--- BRIEF ---
The lines to print run from the top of the material below to the line with "No cooling, full enclosure, heat", inclusive; please copy them exactly, without pictures.

--- RECORDS FOR THIS TASK ---
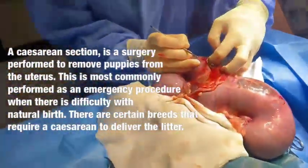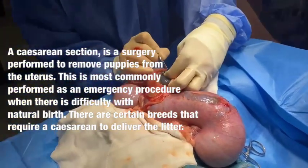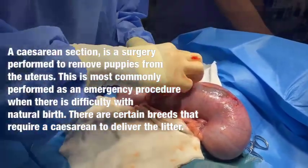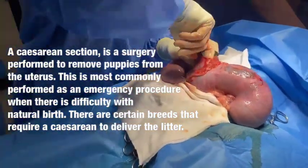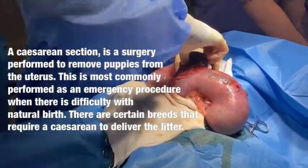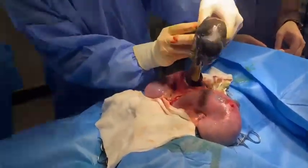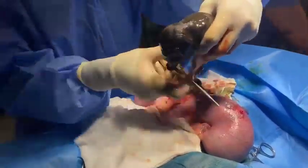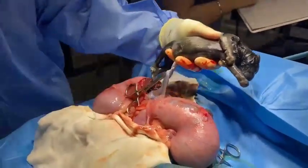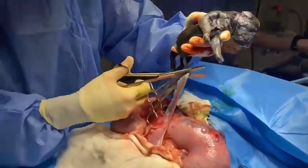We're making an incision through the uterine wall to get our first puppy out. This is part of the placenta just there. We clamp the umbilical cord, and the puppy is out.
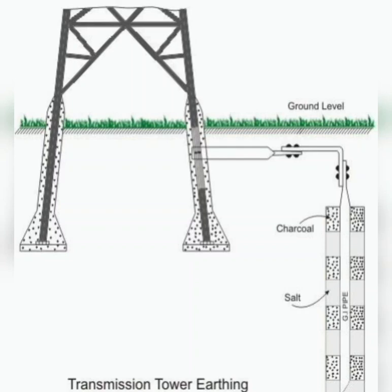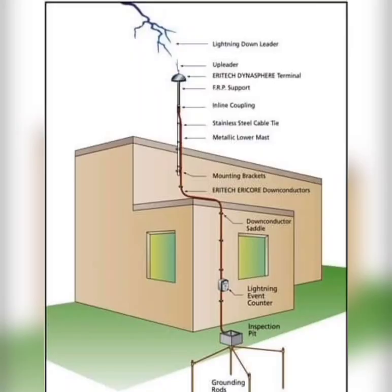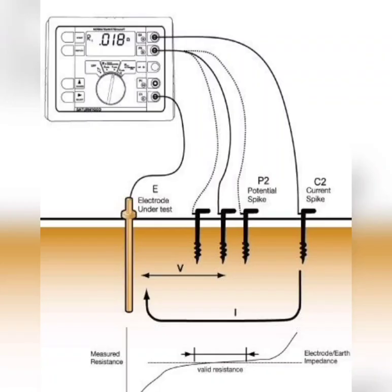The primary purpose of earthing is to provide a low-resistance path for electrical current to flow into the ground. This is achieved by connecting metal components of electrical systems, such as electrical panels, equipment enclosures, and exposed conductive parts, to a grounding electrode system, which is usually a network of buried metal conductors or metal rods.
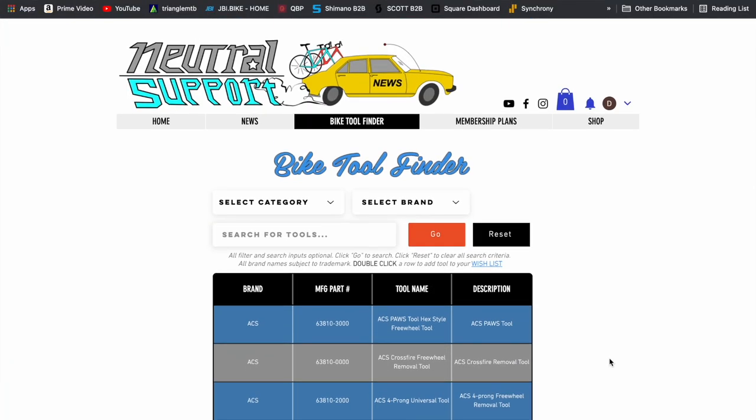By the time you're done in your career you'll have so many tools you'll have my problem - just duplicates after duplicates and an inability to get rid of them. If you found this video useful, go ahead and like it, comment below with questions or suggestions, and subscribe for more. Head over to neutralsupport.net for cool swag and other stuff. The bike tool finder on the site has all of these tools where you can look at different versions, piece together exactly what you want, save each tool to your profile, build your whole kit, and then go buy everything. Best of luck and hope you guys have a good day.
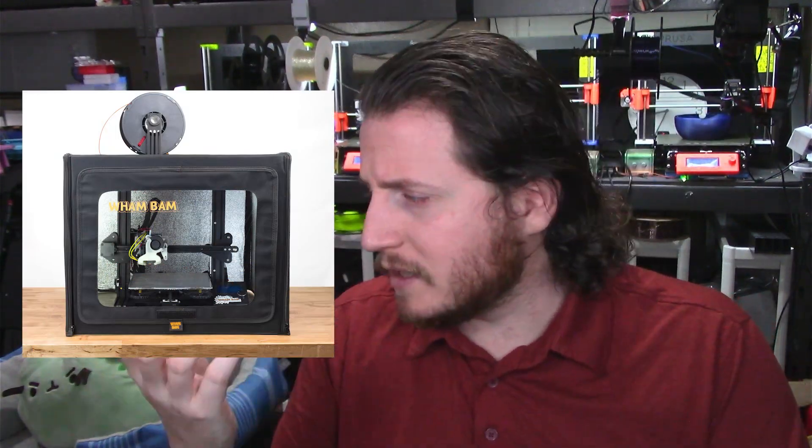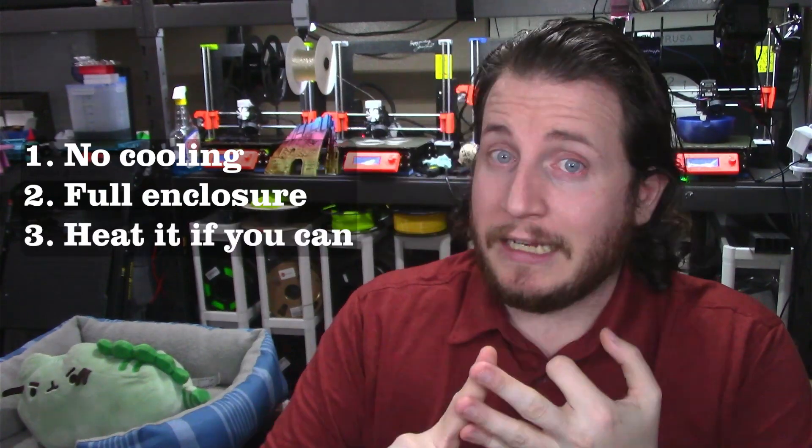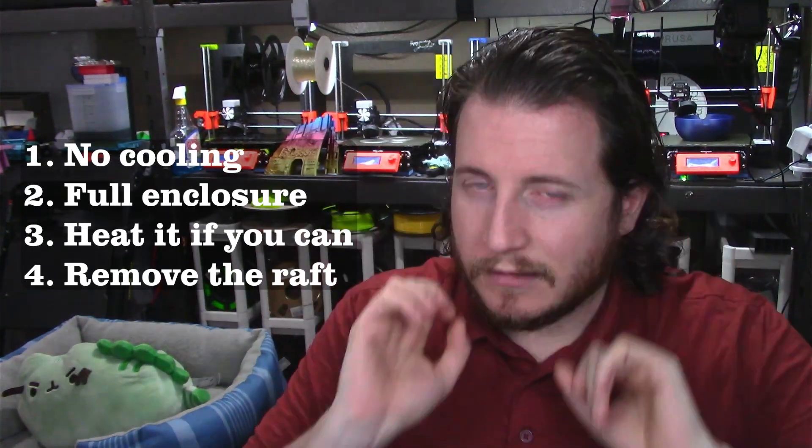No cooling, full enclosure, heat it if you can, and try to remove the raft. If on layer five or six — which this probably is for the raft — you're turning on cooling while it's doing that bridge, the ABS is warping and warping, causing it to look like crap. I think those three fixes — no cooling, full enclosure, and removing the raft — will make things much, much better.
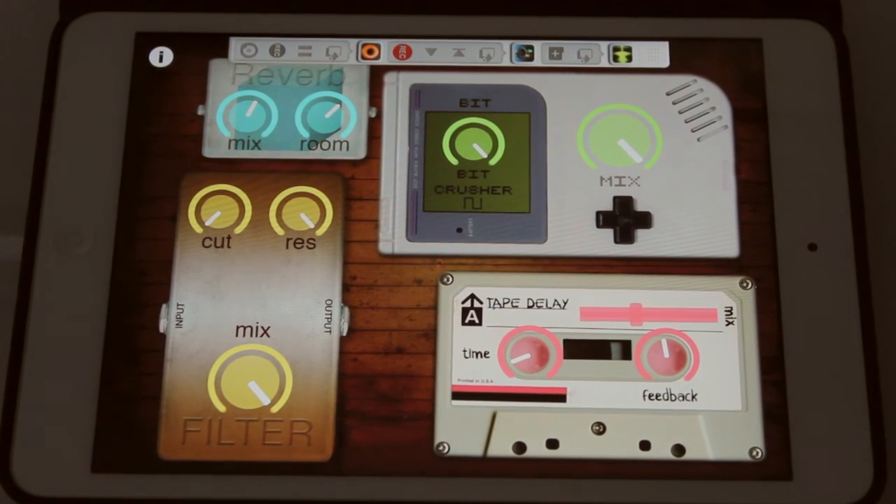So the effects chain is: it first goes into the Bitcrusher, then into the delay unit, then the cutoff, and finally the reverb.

--- EXERCISE RESPONSE ---
We're making an incision through the uterine wall to get our first puppy out. This is part of the placenta just there. We clamp the umbilical cord, and the puppy is out.
The primary purpose of earthing is to provide a low-resistance path for electrical current to flow into the ground. This is achieved by connecting metal components of electrical systems, such as electrical panels, equipment enclosures, and exposed conductive parts, to a grounding electrode system, which is usually a network of buried metal conductors or metal rods.
By the time you're done in your career you'll have so many tools you'll have my problem - just duplicates after duplicates and an inability to get rid of them. If you found this video useful, go ahead and like it, comment below with questions or suggestions, and subscribe for more. Head over to neutralsupport.net for cool swag and other stuff. The bike tool finder on the site has all of these tools where you can look at different versions, piece together exactly what you want, save each tool to your profile, build your whole kit, and then go buy everything. Best of luck and hope you guys have a good day.
No cooling, full enclosure, heat it if you can, and try to remove the raft. If on layer five or six — which this probably is for the raft — you're turning on cooling while it's doing that bridge, the ABS is warping and warping, causing it to look like crap. I think those three fixes — no cooling, full enclosure, and removing the raft — will make things much, much better.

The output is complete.